Your assignment: Transcribe everything in the listing below exactly, except the pictures.

Supplied material:

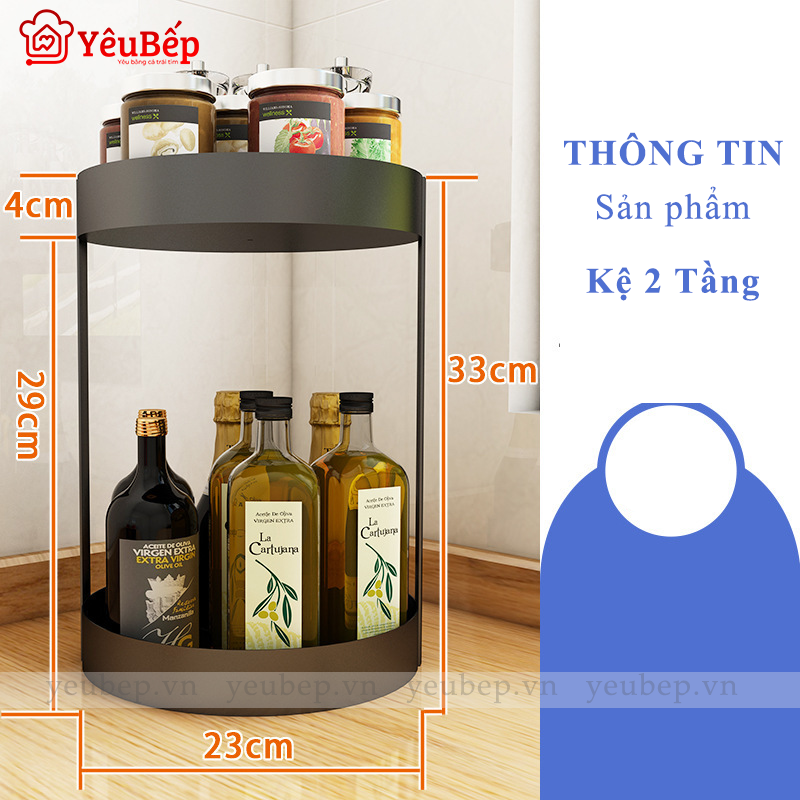 Kệ đựng gia vị xoay 360 độ 2 tầng thông minh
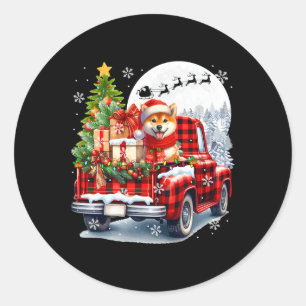 Pegatina Redonda Santa Shiba Inu Sobre El Propietario De Los Navida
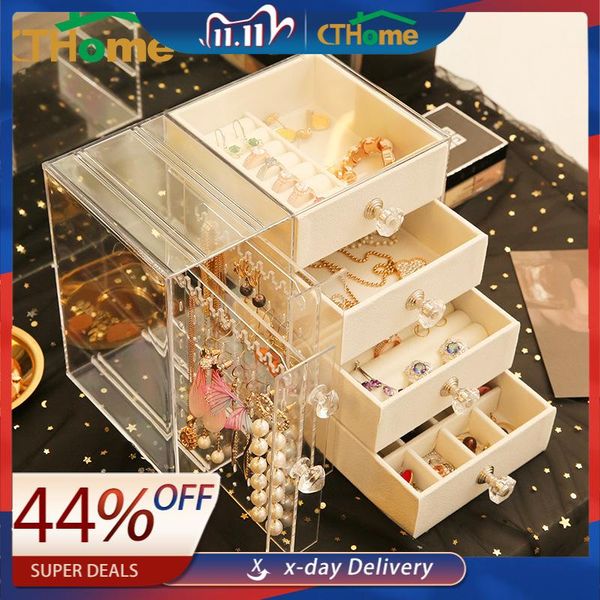 

drawer type plastic storage box transparent finishing makeup organizer jewerly earrings display stand rack necklace bracelet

Exercise answer:
 Kệ đựng gia vị xoay 360 độ 2 tầng thông minh
 Pegatina Redonda Santa Shiba Inu Sobre El Propietario De Los Navida

drawer type plastic storage box transparent finishing makeup organizer jewerly earrings display stand rack necklace bracelet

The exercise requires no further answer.